Want a brief escape from hectic or humdrum everyday life? This book will help. A classic whodunit from the ‘Golden Age of Detective novels’. A 1930’s airfield with small (open cockpit) airplanes and glamorous aviators. A flying instructor does not survive a plane crash in full view of witnesses from the airfield. Tragic accident? Of course there’s more than meets the eye. The police soon have their hands full. More info see below.
It was fun to record – a big thanks to Erin for ‘proof-listening’, and Hokuspokus & Viktor for the cataloguing.
Death of an Airman by Christopher St John Sprigg (1907-1937), published 1934.
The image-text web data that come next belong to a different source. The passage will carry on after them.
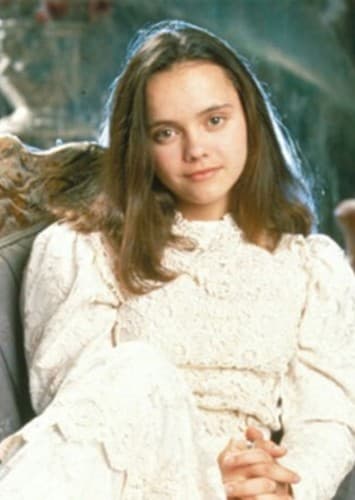 Kathleen "Kat" Harvey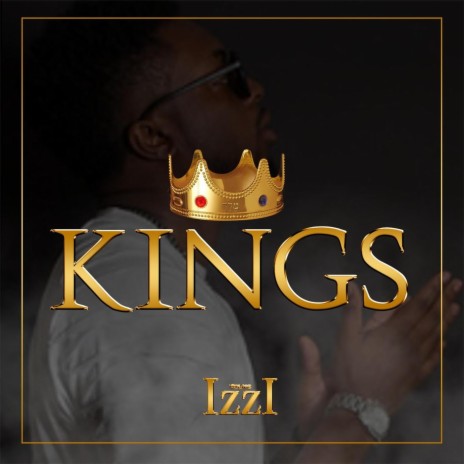 Put in Work cover art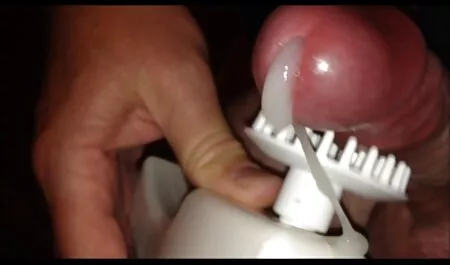 ステップ姉妹ダイアナは性別とともに彼女の新しい親戚にのジム 鈴木 一徹 無料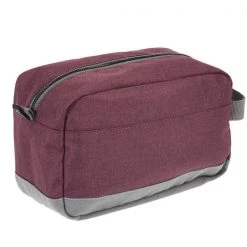 FRILUFTS VALGA RT - Kulturtasche 10 FRILUFTS VALGA RT - Kulturtasche -Bekleidung Geschaft 298122005 b valga frilufts 1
Experienced flight instructor George Furnace dies in a plane crash near the airfield, in full view of witnesses. The verdict at the inquest is ‘death by misadventure’. But an Australian bishop, who had signed up for flying lessons just before the incident, starts to question this. Could it have been murder? Or suicide? It takes some persistent work by police detectives Creighton and Bray, that takes them all over the UK and to France, to unravel the whole story.
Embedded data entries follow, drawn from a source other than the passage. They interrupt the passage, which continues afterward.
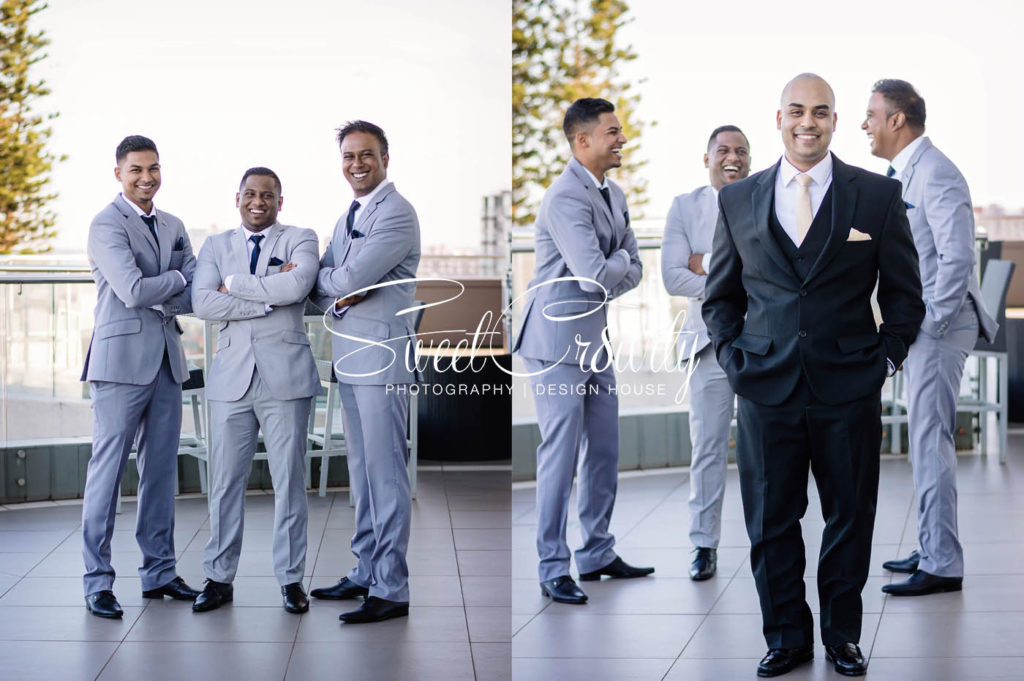 coastlands hotel,musgrave, christian wedding,white dress,creative shoot,sweetcr8ivity,oddyssey sound and lighting,beauty in a box, snap that photobooth,diamond rings,poolside,Sweetcr8ivity,elaine and aveen lutchman, Best durban wedding photographers,bridal retinue,getting ready photography, versace,cake craft by theagie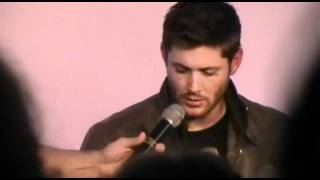 J2 Panel 9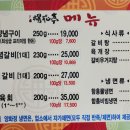 양화정 이미지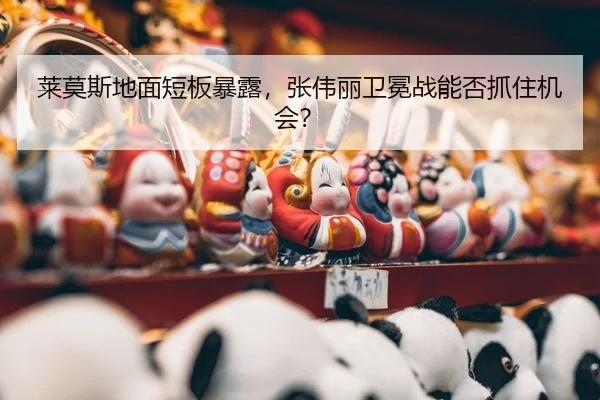 lai-mo-si-di-mian-duan-ban-bao-lu-zhang-wei-li-wei-mian-zhan-neng-fou-zhua-zhu-ji-hui-3-415.jpg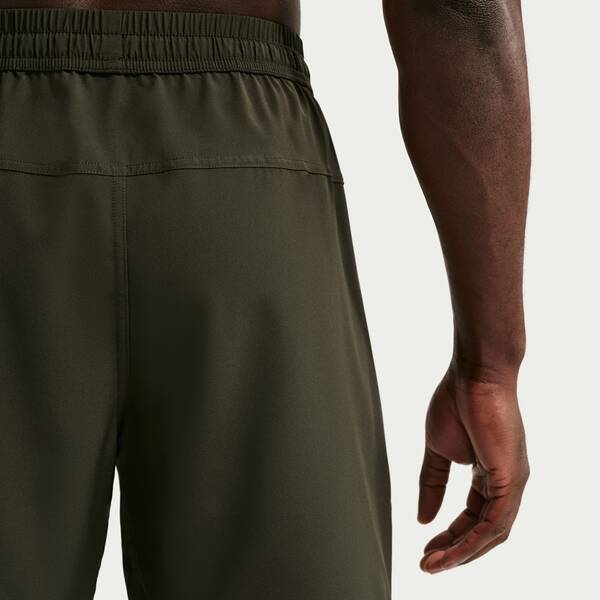 Thumbnail - NIKE Herren Shorts M NK DF FORM 7IN UL SHORT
Author Christopher St John Sprigg, also known under his pseudonym Christopher Caudwell (1907-1937) had a passion for aviation; he had previously published two beginners textbooks on the art of flying, so presumably he got his details right. Famous crime fiction novelist Dorothy L. Sayers wrote a glowing review for this novel at the time. (Summary by Anna Simon)
Recorded for Legamus – book first published in 1934. Copyright expired (so download is legal) in Europe, Canada, Australia and more countries (in other countries, please check copyright laws).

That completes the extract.